This novel also recounts a day and another day ten years later in the life of a family, the Ramsays with their six children, in the Hebrides. The homoerotic content takes the form of the relationship between Lily, a guest at the summer house, and Mrs. Ramsay, who both is and isn't a figure for the mother.

Mrs. Ramsay once again represents the hostess who views Lily in terms of an inferior version of femininity, not beautiful, not marriageable, whose paintings hold no interest for her, or potentially anyone else.

Lily needs Mrs. Ramsay as the lost maternal figure whose recovery remains essential to the production of art and yet whose renunciation must be complete if a woman is to actually become an artist.

Again the language is highly eroticized:

Could loving, as people called it, make her and Mrs. Ramsay one? for it was not knowledge but unity she desired, not inscriptions on tablets, nothing that could be written in any language known to men, but intimacy itself, which is knowledge, she had thought, leaning her head on Mrs. Ramsay's knee.

The novel also contains two minor characters, two of the Ramsays' children, a daughter who imagines Constantinople when another woman about to become engaged holds her hand, and a son who becomes the mourned love object of the poet Mr. Carmichael, when he receives news of his death on the battlefield.

Between the Acts

In her final novel, Between the Acts (1941), Woolf represents her protagonist, Miss La Trobe, as not only a more successful artist than Lily Briscoe but also as an avowed lesbian:

Since the row with the actress who had shared her bed and her purse the need of drink had grown on her. And the horror and the terror of being alone. One of these days she would break--which of the village laws? Sobriety? Chastity? Or take something that did not properly belong to her?

Reminiscent of Miss Killman, the more openly lesbian, the more socially deviant the character becomes. And yet she is also the author and producer of a literary historical pageant held yearly at a country house, where it remains unclear whether the audience or the actors are those enacting a performance, and where every person is simply an assumed part, the most worn-out being that of the heterosexual couple.

Orlando

A similar retelling of literary history as parody structures Orlando, the work that has most contributed to Woolf's reputation as a lesbian writer.
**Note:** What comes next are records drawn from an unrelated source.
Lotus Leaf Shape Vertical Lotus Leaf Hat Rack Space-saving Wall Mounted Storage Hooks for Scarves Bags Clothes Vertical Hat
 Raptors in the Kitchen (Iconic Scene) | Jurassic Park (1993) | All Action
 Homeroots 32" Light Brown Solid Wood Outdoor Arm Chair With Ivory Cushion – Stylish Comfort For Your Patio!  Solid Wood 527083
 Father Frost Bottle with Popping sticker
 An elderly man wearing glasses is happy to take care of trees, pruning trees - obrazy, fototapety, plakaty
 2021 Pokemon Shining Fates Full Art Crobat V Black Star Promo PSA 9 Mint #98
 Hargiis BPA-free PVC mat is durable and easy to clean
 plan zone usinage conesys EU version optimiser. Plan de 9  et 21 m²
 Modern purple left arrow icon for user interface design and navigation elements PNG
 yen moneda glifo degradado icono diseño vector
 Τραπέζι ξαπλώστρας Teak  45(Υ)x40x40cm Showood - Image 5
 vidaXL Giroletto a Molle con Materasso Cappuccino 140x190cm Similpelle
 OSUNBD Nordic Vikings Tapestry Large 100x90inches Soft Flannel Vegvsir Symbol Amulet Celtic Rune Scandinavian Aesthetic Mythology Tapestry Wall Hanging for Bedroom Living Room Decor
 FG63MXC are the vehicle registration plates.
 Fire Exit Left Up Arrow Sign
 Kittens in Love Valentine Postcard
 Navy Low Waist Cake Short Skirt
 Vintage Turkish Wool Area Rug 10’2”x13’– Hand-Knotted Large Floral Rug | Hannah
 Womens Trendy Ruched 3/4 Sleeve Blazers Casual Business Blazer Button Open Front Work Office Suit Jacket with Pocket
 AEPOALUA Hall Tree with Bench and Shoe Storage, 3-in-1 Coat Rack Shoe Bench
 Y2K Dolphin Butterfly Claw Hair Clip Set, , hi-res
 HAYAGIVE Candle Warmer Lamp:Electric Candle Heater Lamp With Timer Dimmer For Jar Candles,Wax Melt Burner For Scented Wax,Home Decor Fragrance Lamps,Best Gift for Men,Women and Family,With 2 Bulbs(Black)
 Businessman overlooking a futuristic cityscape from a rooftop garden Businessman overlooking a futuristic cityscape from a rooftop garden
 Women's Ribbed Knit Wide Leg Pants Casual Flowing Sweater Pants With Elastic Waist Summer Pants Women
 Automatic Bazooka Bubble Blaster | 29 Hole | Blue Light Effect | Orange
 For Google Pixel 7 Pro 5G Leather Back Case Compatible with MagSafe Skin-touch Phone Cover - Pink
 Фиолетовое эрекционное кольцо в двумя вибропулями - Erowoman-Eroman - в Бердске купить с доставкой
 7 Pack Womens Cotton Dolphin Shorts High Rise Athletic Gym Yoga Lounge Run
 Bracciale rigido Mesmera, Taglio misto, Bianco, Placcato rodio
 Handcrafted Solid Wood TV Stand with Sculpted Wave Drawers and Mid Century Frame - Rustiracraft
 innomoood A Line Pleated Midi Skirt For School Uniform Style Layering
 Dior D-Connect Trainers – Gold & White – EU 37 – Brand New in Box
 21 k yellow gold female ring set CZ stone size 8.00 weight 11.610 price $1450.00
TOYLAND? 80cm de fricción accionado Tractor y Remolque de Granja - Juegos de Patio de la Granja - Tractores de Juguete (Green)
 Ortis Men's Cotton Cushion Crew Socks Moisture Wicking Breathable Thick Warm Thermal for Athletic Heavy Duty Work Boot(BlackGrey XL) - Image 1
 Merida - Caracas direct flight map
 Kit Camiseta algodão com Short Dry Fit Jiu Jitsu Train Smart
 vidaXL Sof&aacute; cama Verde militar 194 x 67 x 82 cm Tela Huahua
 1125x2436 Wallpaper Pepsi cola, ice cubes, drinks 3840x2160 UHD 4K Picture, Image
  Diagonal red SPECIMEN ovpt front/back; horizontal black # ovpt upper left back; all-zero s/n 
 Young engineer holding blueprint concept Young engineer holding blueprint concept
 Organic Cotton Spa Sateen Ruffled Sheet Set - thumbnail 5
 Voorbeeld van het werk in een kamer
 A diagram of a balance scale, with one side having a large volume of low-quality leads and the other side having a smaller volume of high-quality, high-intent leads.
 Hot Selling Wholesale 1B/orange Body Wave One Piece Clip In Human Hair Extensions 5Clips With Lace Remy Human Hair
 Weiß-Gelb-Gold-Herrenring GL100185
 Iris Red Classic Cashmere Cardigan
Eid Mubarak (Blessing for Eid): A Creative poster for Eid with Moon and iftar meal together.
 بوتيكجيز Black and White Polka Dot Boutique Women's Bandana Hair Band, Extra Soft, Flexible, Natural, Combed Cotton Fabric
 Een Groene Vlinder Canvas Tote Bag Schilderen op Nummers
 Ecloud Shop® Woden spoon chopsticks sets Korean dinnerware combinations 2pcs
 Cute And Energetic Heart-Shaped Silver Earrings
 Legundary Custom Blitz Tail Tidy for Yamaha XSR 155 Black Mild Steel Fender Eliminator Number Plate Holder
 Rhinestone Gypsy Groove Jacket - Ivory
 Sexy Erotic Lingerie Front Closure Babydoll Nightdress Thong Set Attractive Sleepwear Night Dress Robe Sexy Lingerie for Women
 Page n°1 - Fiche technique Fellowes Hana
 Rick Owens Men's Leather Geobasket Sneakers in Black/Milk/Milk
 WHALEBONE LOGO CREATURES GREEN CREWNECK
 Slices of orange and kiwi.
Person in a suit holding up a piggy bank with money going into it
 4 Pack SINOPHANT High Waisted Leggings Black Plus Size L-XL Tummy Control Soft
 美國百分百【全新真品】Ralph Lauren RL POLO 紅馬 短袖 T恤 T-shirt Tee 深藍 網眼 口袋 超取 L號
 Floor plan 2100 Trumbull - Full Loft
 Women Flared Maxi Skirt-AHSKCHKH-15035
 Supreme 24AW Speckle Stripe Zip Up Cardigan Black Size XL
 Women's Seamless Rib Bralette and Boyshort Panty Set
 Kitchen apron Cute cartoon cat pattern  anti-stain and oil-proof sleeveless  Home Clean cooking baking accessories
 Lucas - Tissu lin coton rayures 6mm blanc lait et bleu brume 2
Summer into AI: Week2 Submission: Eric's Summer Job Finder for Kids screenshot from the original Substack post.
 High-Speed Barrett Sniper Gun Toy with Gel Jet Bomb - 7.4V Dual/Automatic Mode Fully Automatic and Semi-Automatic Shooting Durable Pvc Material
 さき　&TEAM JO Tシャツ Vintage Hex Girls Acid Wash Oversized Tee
Subtitled "A Biography," it attempts to revolutionize the genre by telling the life of Orlando who lives for three hundred years--from Queen Elizabeth I's reign to the present day (October 11, 1928).

Sometime during the eighteenth century, while ambassador to Turkey, Orlando changes from a man into a woman, although the sex of the original love object, Sasha, remains unchanged:

though she herself was a woman, it was still a woman she loved; and if the consciousness of being of the same sex had any effect at all, it was to quicken and deepen those feelings which she had had as a man. For now a thousand hints and mysteries became plain to her that were then dark.

As a woman, the character continues to cross-dress although she eventually marries and bears a child.

Yet the most important relationship in the novel remains the one between Orlando and the biographer, who frequently enters the text to discuss how difficult it is to adhere to the conventions of biography. One such convention assumes that the person being written about is dead.

Vita, who posed for several of the photographs that accompany the text, was delighted with what Woolf had written. On her first reading, she writes in a letter, "you have invented a new form of Narcissism,--I confess,--I am in love with Orlando--this is a complication I had not foreseen" (October 11, 1928).